Closed azizka closed 6 years ago
Thanks @azizka. We will discuss this and get back to you.
hi @azizka - nice to see you here.
As I probably mentioned to you in Stockholm, we do have a overlap policy where we try not to have packages that overlap too much. But here I think we might be okay. What do you think are the areas of overlap for the two packages? Maybe we can just avoid overlapping functionality.
Hi @sckott & @karthik , thanks!
I dug into both packages, after all the overlap seems rather small. See below for a by-function comparison table with scrubr from CRAN (please correct it if I missed something).
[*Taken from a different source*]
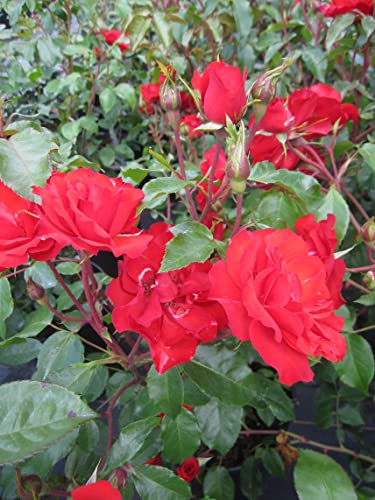 Rosa La Sevillana ® - Strauchrose La Sevillana ® - Meilland Rose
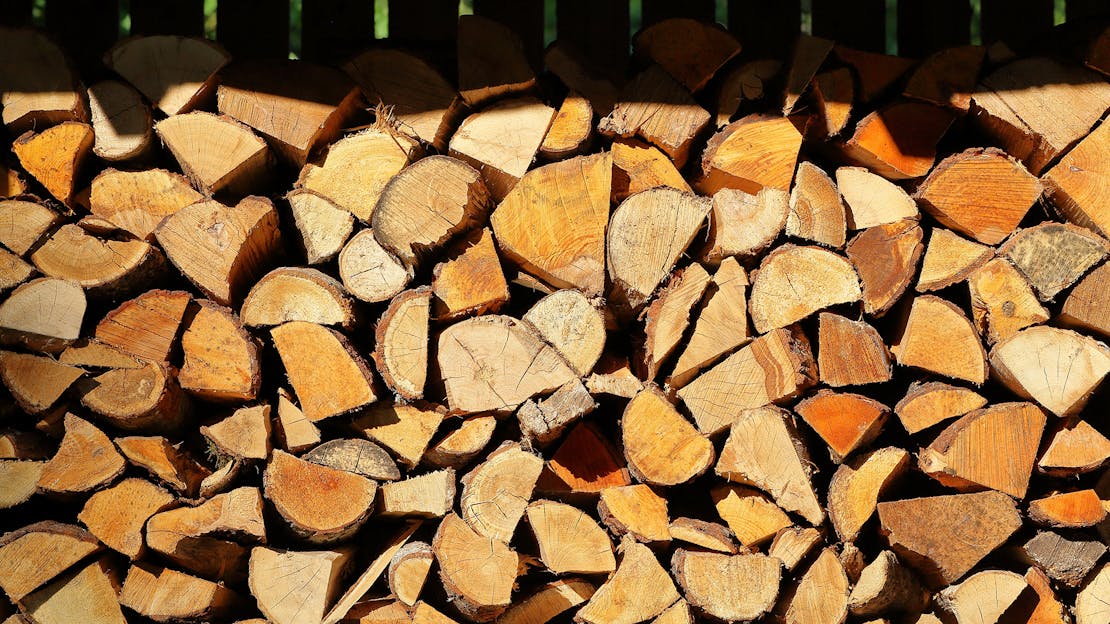 Hornbeam Firewood - Is It Right For You?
In two sentence: The aim of both packages is identical -- to improve quality of occurrence records from large databases, beyond that there is actually little overlap. Few basic functionalities are virtually identical, beyond that scrubr includes date- and taxonomic cleaning, while CoordinateCleaner includes many unique feature for coordinates and fossils, and enables custom gazetteers and custom precision for the match with political centroids and capitals.
Sorry for the slow reply, I was out of office.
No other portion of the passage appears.